Знаю и про Тхоржевского. В Гражданскую войну он был режиссером в Курском городском цирке. Так получилось, что твой дядя Святослав восемнадцатый и девятнадцатый годы провел в Курске; жил там при красных, при белых, снова при красных и видел все представления. Но после двадцатого года о Тхоржевском никто ничего не слышал. Кажется, он умер от тифа. Одно точно – не эмигрировал.
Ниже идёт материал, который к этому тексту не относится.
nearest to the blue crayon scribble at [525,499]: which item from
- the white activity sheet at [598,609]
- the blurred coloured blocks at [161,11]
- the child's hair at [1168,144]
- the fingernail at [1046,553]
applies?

Теперь дядя Святослав, раз уже о нем зашла речь. В постановке Блоцкого он Гибнер – уездный лекарь. Сейчас Святослав – главный инженер Днепропетровского моторостроительного завода, между прочим, блестящий изобретатель, у него куча патентов. Для души у Святослава наш предок. Эрудирован не хуже твоего главного конфидента, дяди Петра, и это притом что не профессионал. Но дело не в одной эрудиции: многие его комментарии кажутся весьма неожиданными.

Дядя Юрий – Коле

Владислав Блоцкий был, конечно, настоящим талантом. В Харькове уже во время Гражданской войны он, продолжая думать об учении Паисия Величковского, поставил спектакль для одного актера. В скромном зале кинотеатра как-то так расположил зеркала, что сцена не просто увеличилась – сделалась не имеющей границ. Актер, стоящий у рампы, показывал муки тяжело согрешившего человека, который безо всякой надежды пытается снова встать на путь, ведущий к Богу. Он безмолвен, вдобавок, если не считать мышц лица, неподвижен, то есть нет ни истошной беготни, ни заламывания рук, но их и не надо, его отверстый рот, отражаясь в намеренно искривленных поверхностях зеркал, превращается в ямы и окопы, отрытые могилы и воронки от фугасных снарядов; волосы – в какой-то страшный выгоревший на корню лес, а сам он – в изуродованное, разъятое на куски человеческое мясо.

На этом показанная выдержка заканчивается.